I know that no family in this world goes through life unscathed. Rich or poor, we have all had our share of problems. For years I have wondered, can anyone have a problem as unbearable as mine? For it’s a problem that won’t go away for many years, if at all.
The past months I’ve come to fully accept and also realize that things could be worse. I have friends who have close relatives who have “disappeared” and have found no closure; then there are those with a son or daughter in the military, stationed in the Middle East, and each day, they worry whether they will ever see their child again. Then there’s the tragedy in Japan, watching your family being swept away by the tsunami. There are those caring for relatives with debilitating sicknesses. Yes, no one goes through life unscathed.
In the past months I’ve also learned to compartmentalize my worries and try to dismiss the needless anxieties – to accept the things I cannot change and not dwell on them so much that it brings me (and the ones I love) down. And not to worry too much about the future. As my dad used to say, “God will provide.”
Just the other day I came across one of the columns my parents wrote in a weekly Philippine magazine. They related the story of some blind beggars in an Italian town. A man observed that one blind man seemed to be receiving more money than the others. Curious, the man approached the blind man and saw a small sign hanging across his chest. On it were written the words: “It is April, and I am blind!”
With April here, I think about this story and open my eyes to everything I didn’t see because I was dwelling on my sorrows. That radiant sun, the beautiful sky and stars aglow, the glorious sunset, the flowers that are now starting to bloom. I think of my very favorite Bible verses in Matthew 6:26-34. These words calm me:
26 Look at the birds of the air: they neither sow nor reap nor gather into barns, and yet your heavenly Father feeds them. Are you not of more value than they?
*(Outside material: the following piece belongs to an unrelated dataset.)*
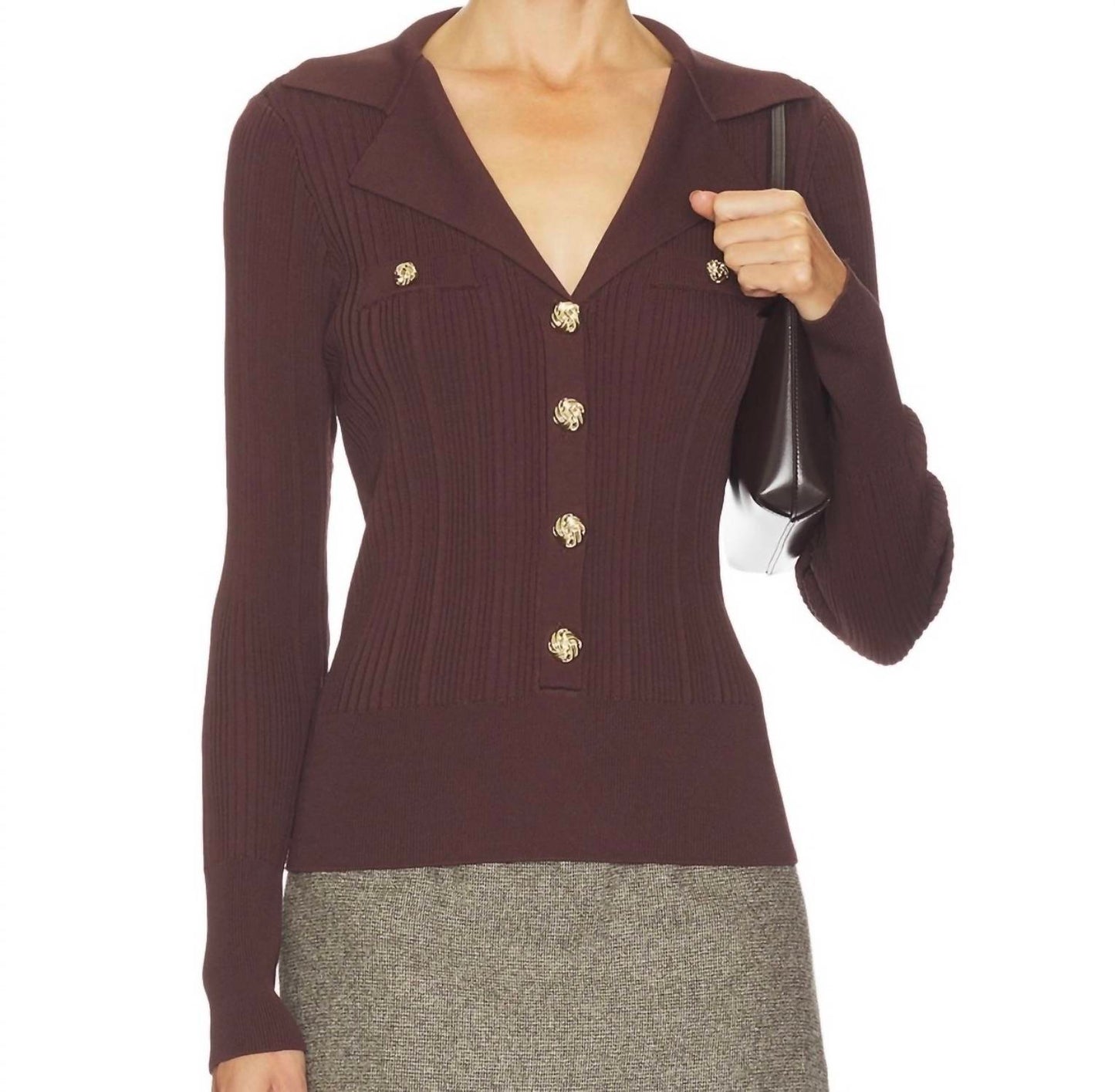 Generation Love - Anira Rib Top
27 And which of you by being anxious can add a single hour to his span of life?
28 And why are you anxious about clothing? Consider the lilies of the field, how they grow: they neither toil nor spin,
29 yet I tell you, even Solomon in all his glory was not arrayed like one of these.
30 But if God so clothes the grass of the field, which today is alive and tomorrow is thrown into the oven, will he not much more clothe you, O you of little faith?
31 Therefore do not be anxious, saying, ‘What shall we eat?’ or ‘What shall we drink?’ or ‘What shall we wear?’
32 For the Gentiles seek after all these things, and your heavenly Father knows that you need them all.
33 But seek first the kingdom of God and his righteousness, and all these things will be added to you.
34 “Therefore do not be anxious about tomorrow, for tomorrow will be anxious for itself. Sufficient for the day is its own trouble.
His message is clear, isn’t it? May God protect me from needless anxiety. Keep me strong and let me continue to have faith. If God takes care of the trees, the flowers and birds, what more you and I, right?
It is April. The storm has passed for now and the sun is shining. Happy Spring!